(DATA SECTION begins)

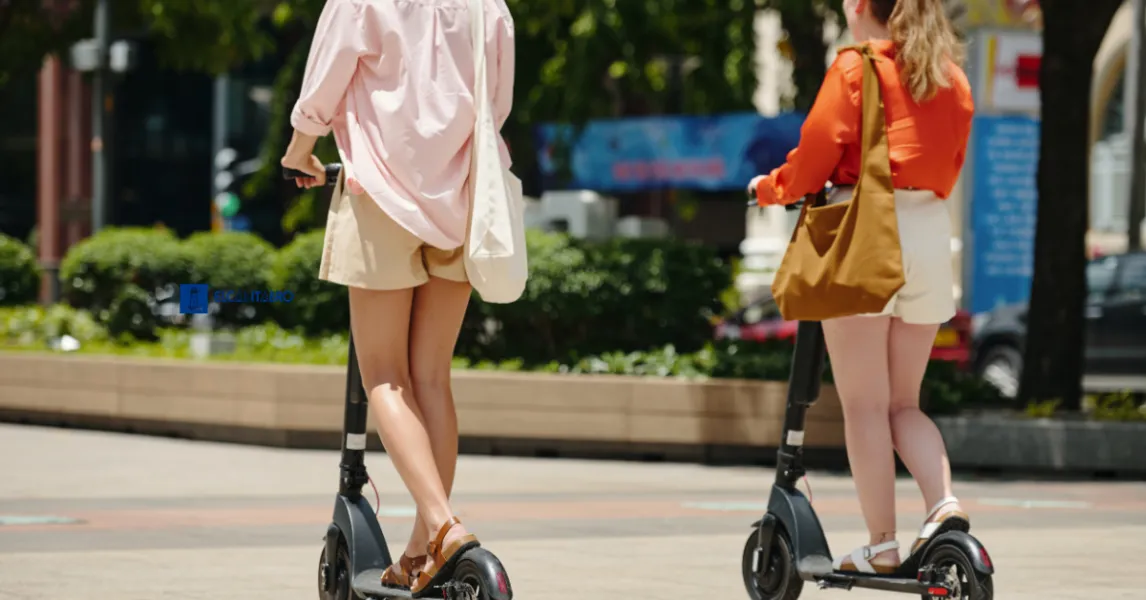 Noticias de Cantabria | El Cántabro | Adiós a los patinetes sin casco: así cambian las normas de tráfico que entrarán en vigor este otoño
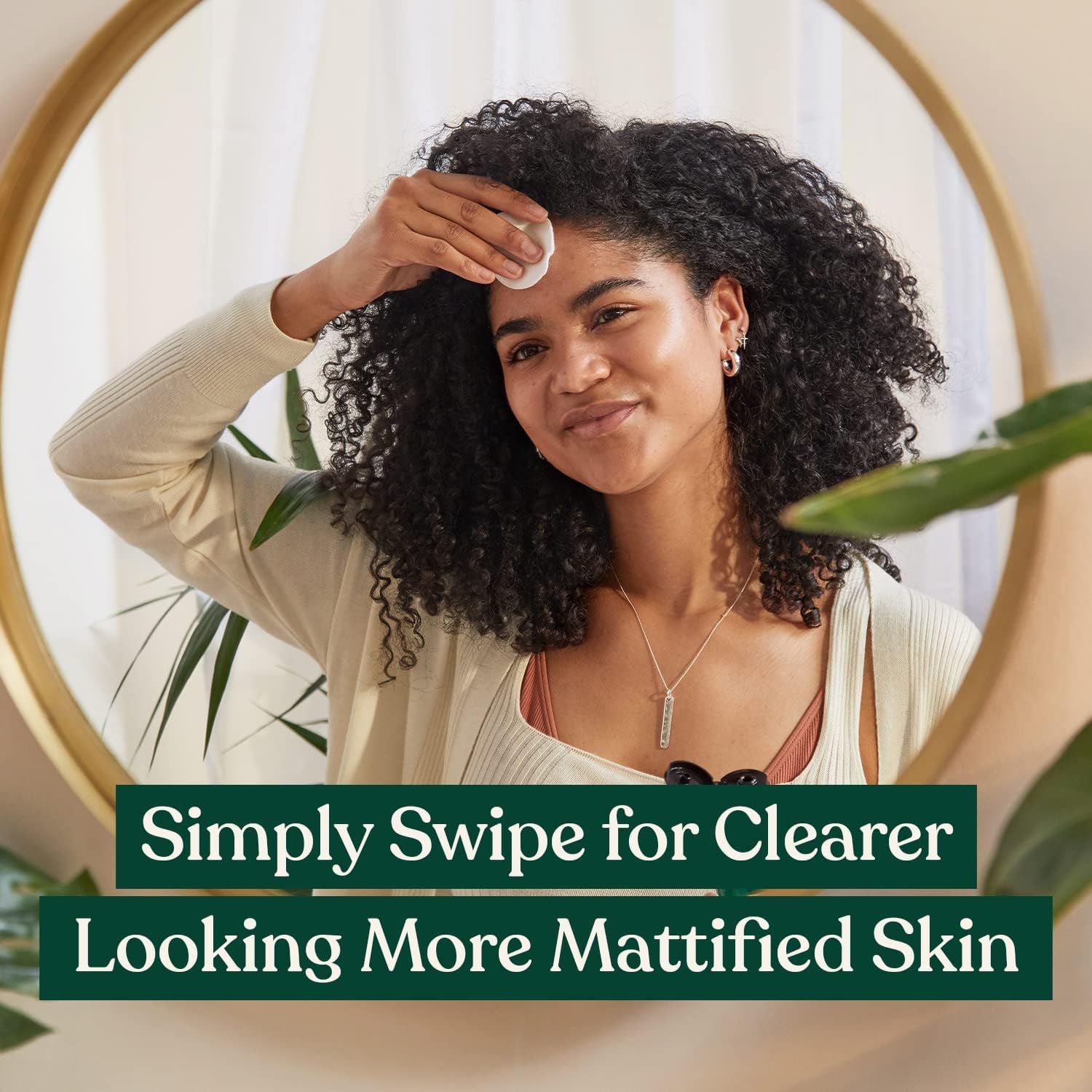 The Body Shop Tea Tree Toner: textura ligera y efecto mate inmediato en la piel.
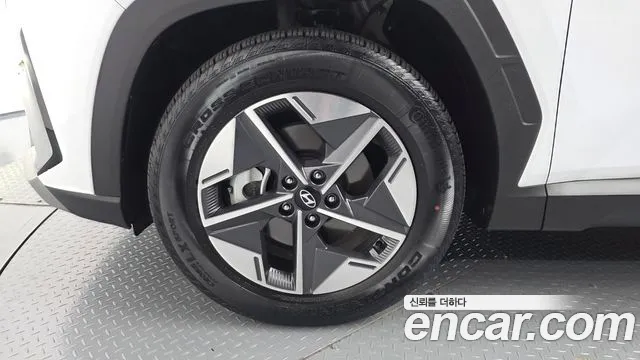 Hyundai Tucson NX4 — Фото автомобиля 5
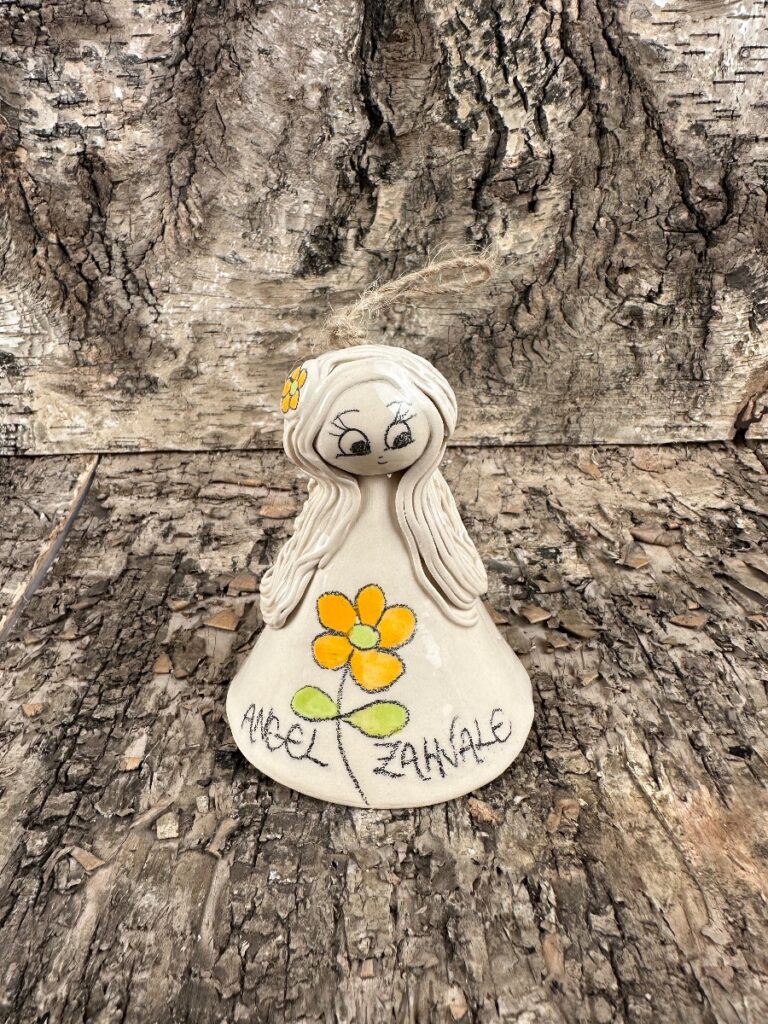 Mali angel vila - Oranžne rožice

(DATA SECTION ends)

TASK REQUIREMENTS -> Beginning with the line that holds "Hyundai Tucson NX4 — Фото автомобиля 5" and ending with the last line of the material above, extract every line exactly, pictures excluded.

WRITTEN ANSWER ->
 Hyundai Tucson NX4 — Фото автомобиля 5
 Mali angel vila - Oranžne rožice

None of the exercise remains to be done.